I was meant to be a part of an Easter family cruise and picnic, a five-hour cruise slated for April 22, 2019. It was a group expedition with a lot of built-in benefits: Three-course meal, grill and fries, coconut drink, massage, beach biking, beach volleyball and other beach games. Take off time was 1 pm, from Addax Jetty, by Orientals Hotel, Lekki toll gate. I was looking forward to it. But I eventually missed out due to some exigencies.

More and more Lagosians trying to break from the mould of daily living are holding birthday parties (and even wedding receptions) on a boat. One of them is “Big Josh” Adubi, who recently celebrated his 40th birthday by organizing an evening soiree on the water for close friends.

We chatted.   “There is a feeling that cast away from the stress and problems associated with being on the ground, and while it last, you enjoy a different kind of comfort,” he said.

So, how do you choose your boat, speedboat or yacht? It all depends on your budget. The rest is down to your ego, your appreciation of quality leisure. The option is not close-ended. You can join a cruise.

Or you charter your boat. You can choose to drift aimlessly on the waterways.  Most picnickers usually head to Takwa-Bay or private islands such as Inagbe, Ilase, Ikaare or Ibeche. Most operators allow clients to bring their food and drinks on board.

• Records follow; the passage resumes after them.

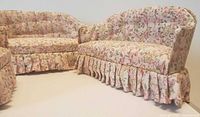 Vintage floral upholstered dollhouse sofa and loveseat side by side showing ruffled skirt detail.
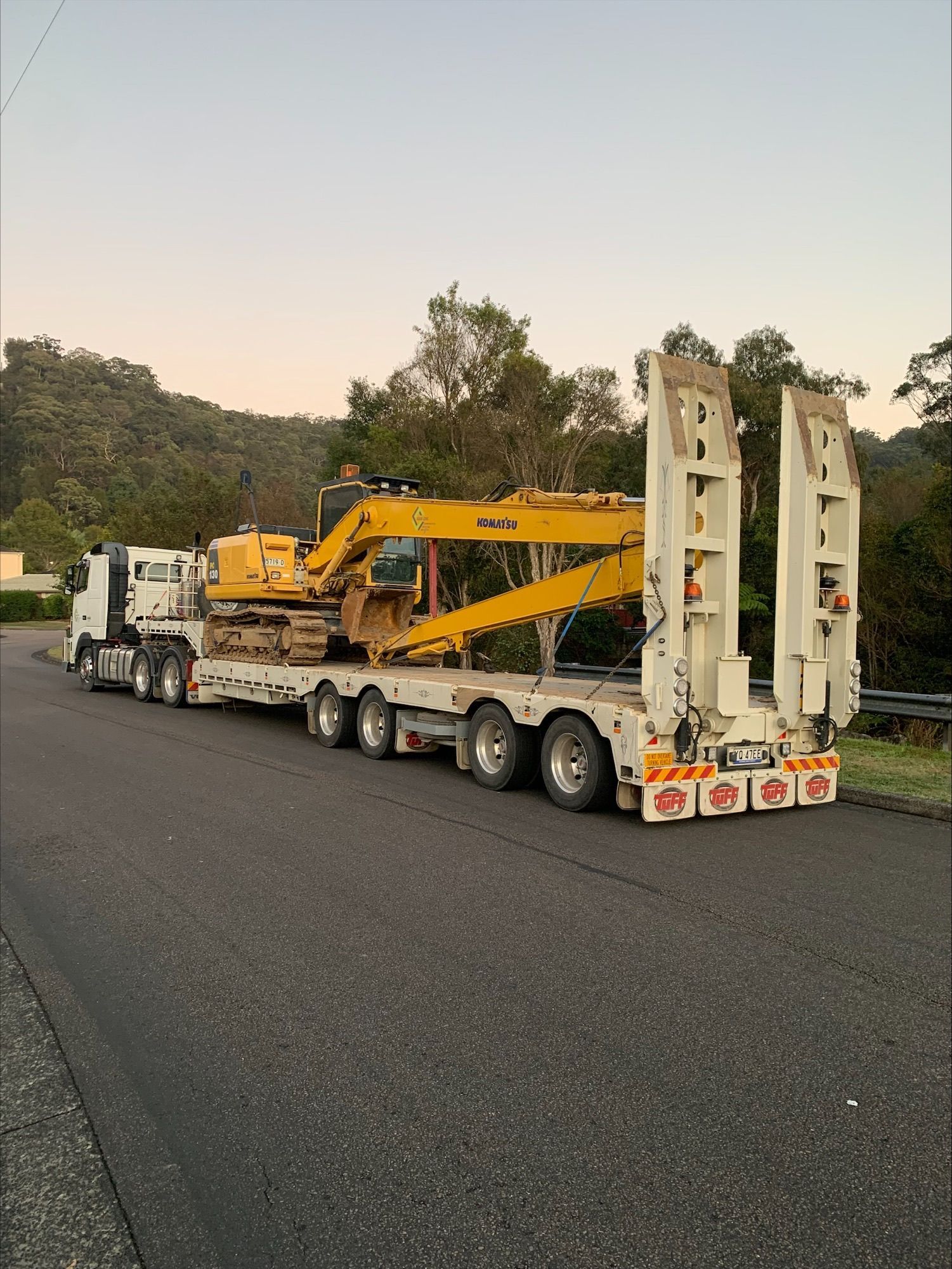 A truck is carrying a yellow excavator on a trailer. — Adam Lowe Earthmoving Pty Ltd in Somersby, NSW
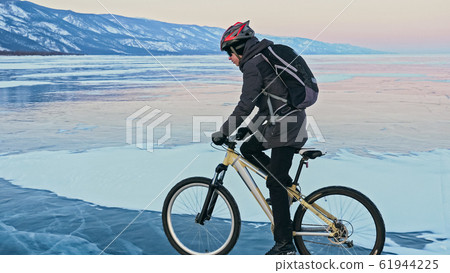 Man is riding bicycle on the ice. Ice of frozen Lake Baikal. Tee Man is riding bicycle on the ice. Ice of frozen Lake Baikal. Tee 61944225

There is a lot more you can do with your day out on the water. For instance, you may decide to just go fishing. Some boat operators offer this service. Adeyi Davis, a retired banker, gets his kicks from fishing. He and old buddies, all in their 60s, get together once a month to pursue this passion. Their latest expedition was on June 28.

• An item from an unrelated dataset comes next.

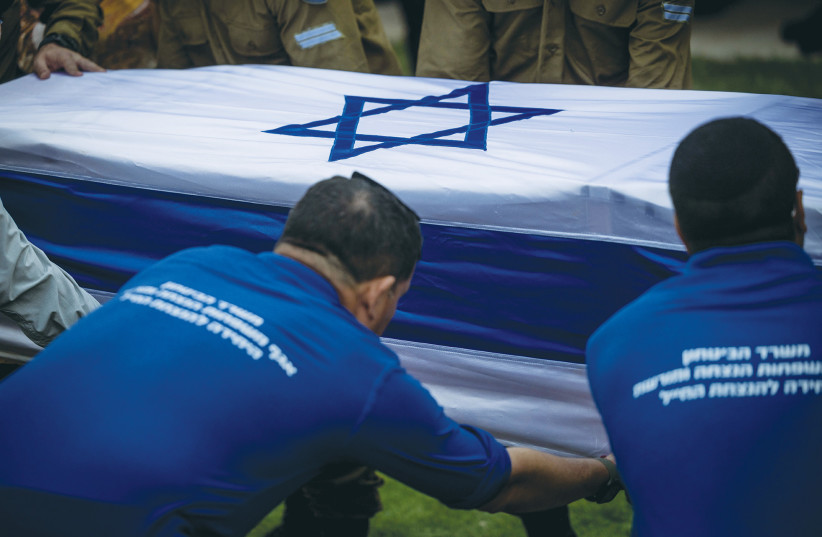 IDF SOLDIER Hillel Ofen is laid to rest at Mt. Herzl Military Cemetery in Jerusalem on Tuesday. (photo credit: Chaim Goldberg/Flash90)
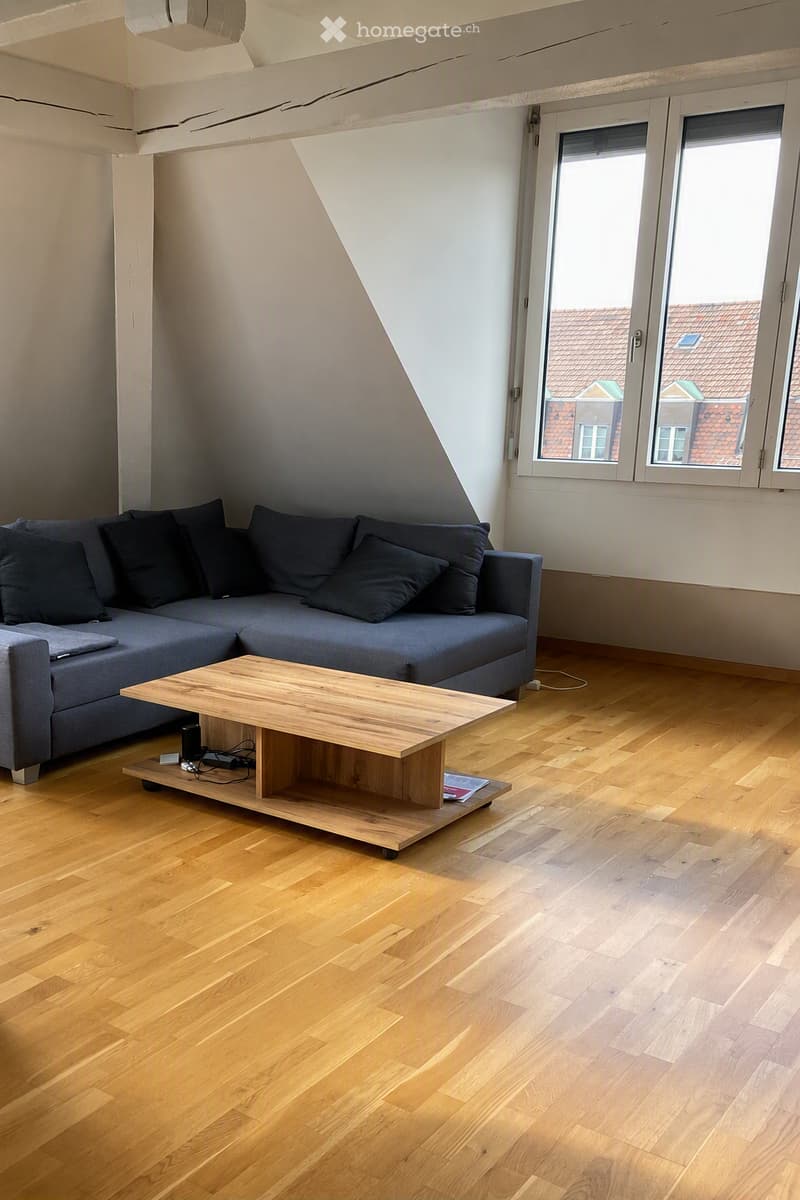 Modern living room with a grey sectional sofa, wooden coffee table, and hardwood flooring. Large windows offer a view of the city.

The company from whom they hired a fishing boat provided the equipment for ‘professional fishing.’ “I used the Biscayne and Shimano rods, complete with Alutecnos reels. When we got to the deep, the boat anchored and my friends and I did some bottom fishing use live baiting for some few hours,” he detailed.

Once I was in a pirogue (the native canoe, long, narrow, carved out of a single tree trunk) on the way to Ganvie, the community in the middle of a lake in Benin Republic. The old man who was paddling the canoe was good company. He was funny and he chatted animatedly, endlessly.

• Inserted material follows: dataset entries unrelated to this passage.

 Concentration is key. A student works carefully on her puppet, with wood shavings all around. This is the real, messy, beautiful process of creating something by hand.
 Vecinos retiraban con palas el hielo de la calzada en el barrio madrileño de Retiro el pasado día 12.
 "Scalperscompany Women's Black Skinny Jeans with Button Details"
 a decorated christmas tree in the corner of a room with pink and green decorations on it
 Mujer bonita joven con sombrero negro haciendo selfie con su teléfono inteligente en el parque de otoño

He told me his life story. For several years, he had lived in Seme the border community halved between Nigeria and The Republic of Benin, and while there, he had become fluent in Yoruba, though he is Fon. He offered to tell me one of life’s secrets.

“If you ever have to tell someone a secret which you don’t want him to ever divulge, take him on a canoe ride. Any secret divulged on the ground eventually get betrayed. Because man is of the ground; but on water, that secret remains a secret forever. It is the secret of the ancient, and we do it in this part of the world.”

I thought that was balderdash. I am not one for superstition. I was rather interested in knowing why he left the more lucrative job of being a ‘border tout’  to become a canoe operator.

“Living on water prolongs life,” he said. I agreed with him, though from a different perspective. Having a life around water does have a wellness benefit. And a boat cruise once in a while does one a world of good. What’s more, it is an affordable luxury if carefully planned.

I have a standing invitation to an upcoming cruise in August. This time, I plan to get on board.